WHAT THE TASK ASKS: Could you give back exactly the lines below from the one with "В Красноярском крае" through the one with "Robinet de lavabo en or brossé – vue 2", without a single picture?

Dataset entries
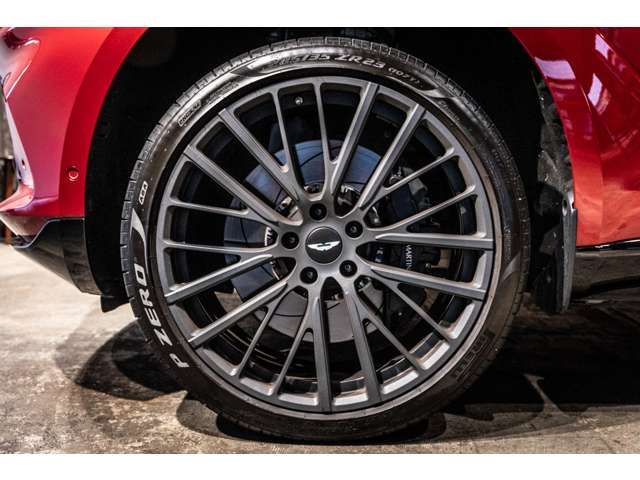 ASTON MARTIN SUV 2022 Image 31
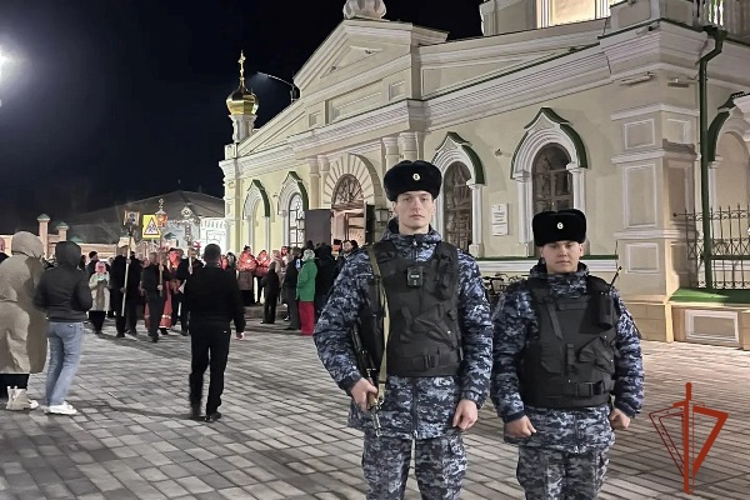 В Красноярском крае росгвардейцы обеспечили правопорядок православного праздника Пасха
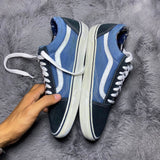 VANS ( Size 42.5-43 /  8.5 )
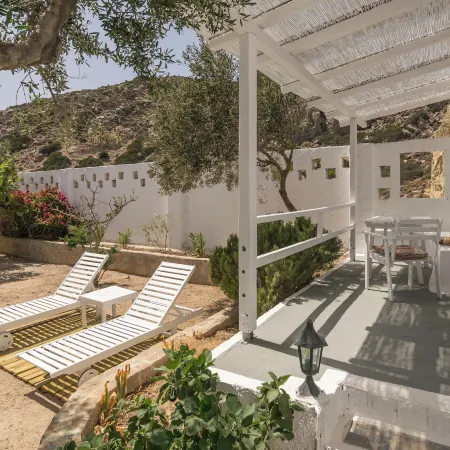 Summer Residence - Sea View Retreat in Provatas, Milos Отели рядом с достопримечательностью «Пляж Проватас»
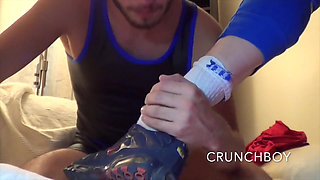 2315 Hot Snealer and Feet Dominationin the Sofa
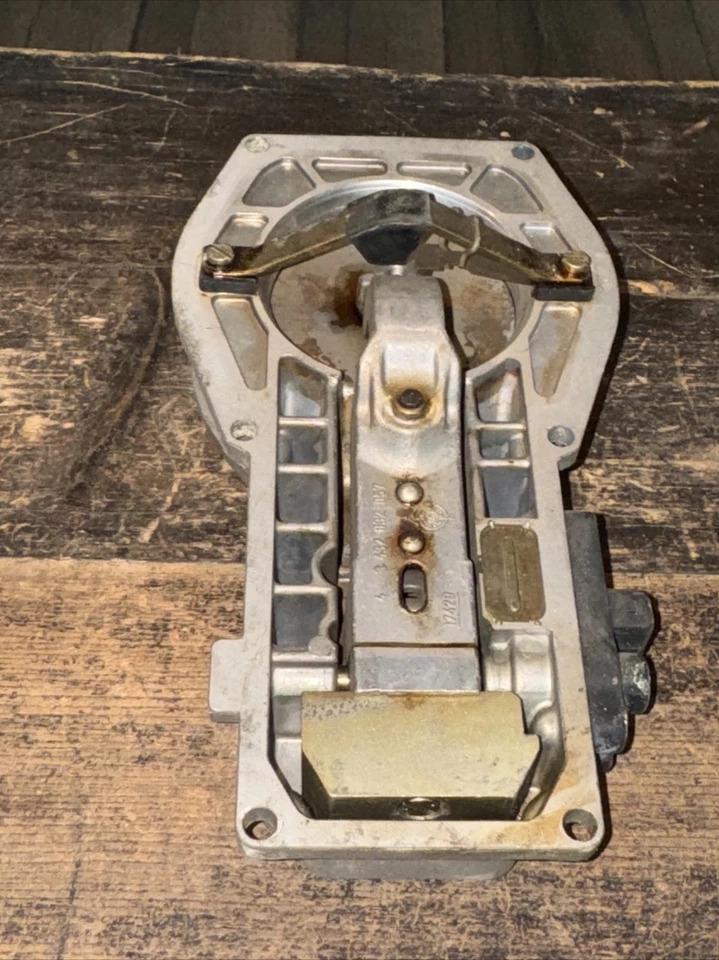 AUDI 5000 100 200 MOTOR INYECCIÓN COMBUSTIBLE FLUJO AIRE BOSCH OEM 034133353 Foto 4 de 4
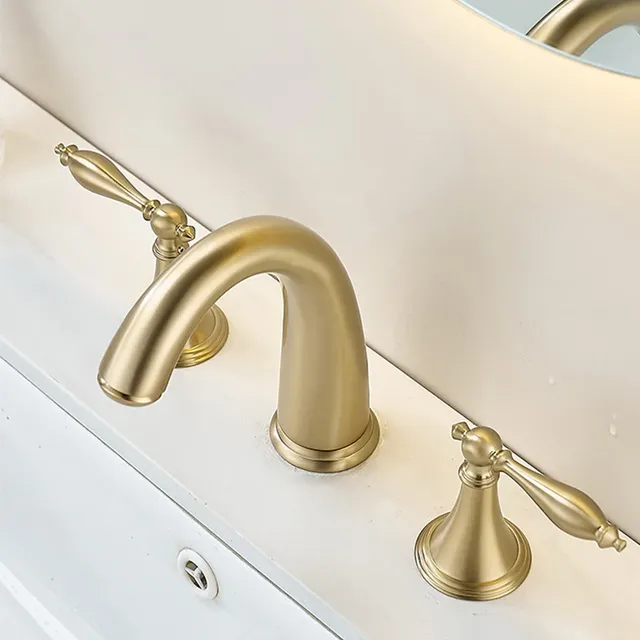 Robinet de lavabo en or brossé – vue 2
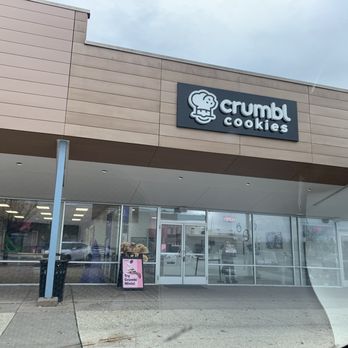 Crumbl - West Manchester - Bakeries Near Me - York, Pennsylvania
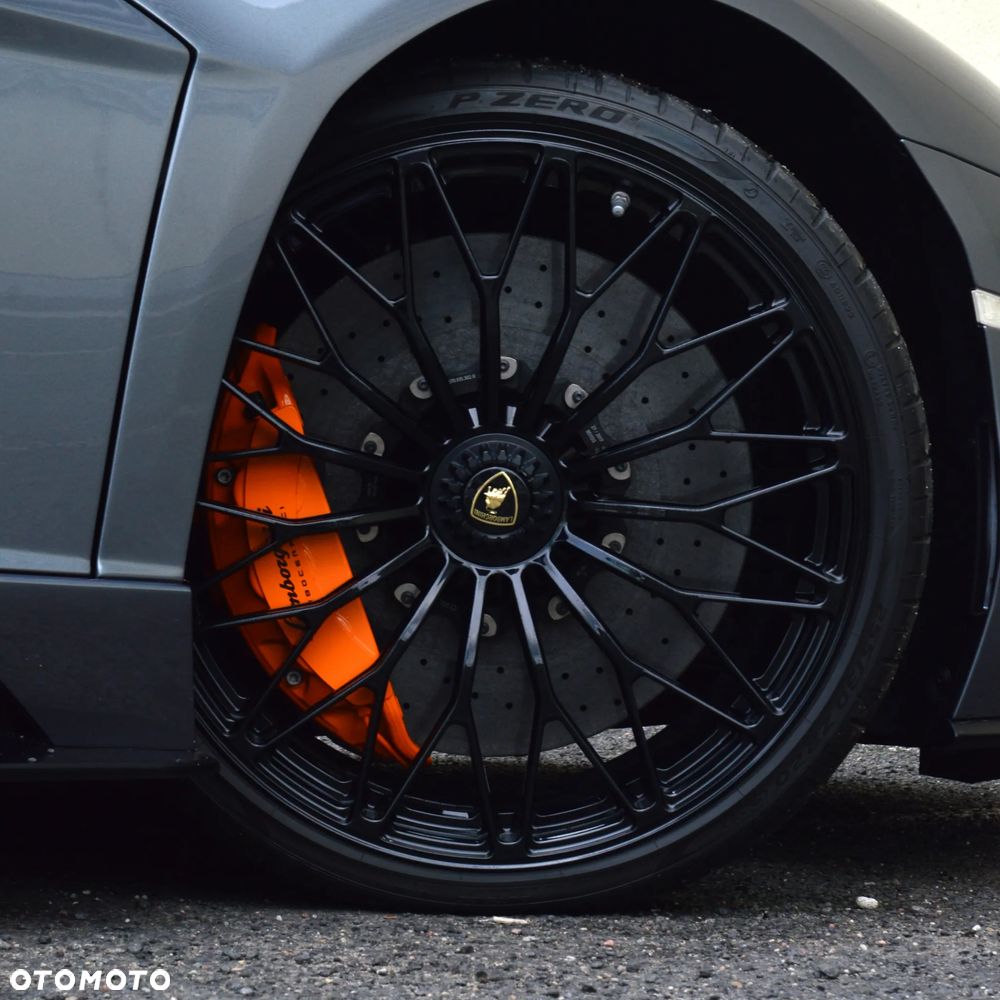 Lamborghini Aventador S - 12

TASK SOLUTION:
 В Красноярском крае росгвардейцы обеспечили правопорядок православного праздника Пасха
 VANS ( Size 42.5-43 /  8.5 )
 Summer Residence - Sea View Retreat in Provatas, Milos Отели рядом с достопримечательностью «Пляж Проватас»
 2315 Hot Snealer and Feet Dominationin the Sofa
 AUDI 5000 100 200 MOTOR INYECCIÓN COMBUSTIBLE FLUJO AIRE BOSCH OEM 034133353 Foto 4 de 4
 Robinet de lavabo en or brossé – vue 2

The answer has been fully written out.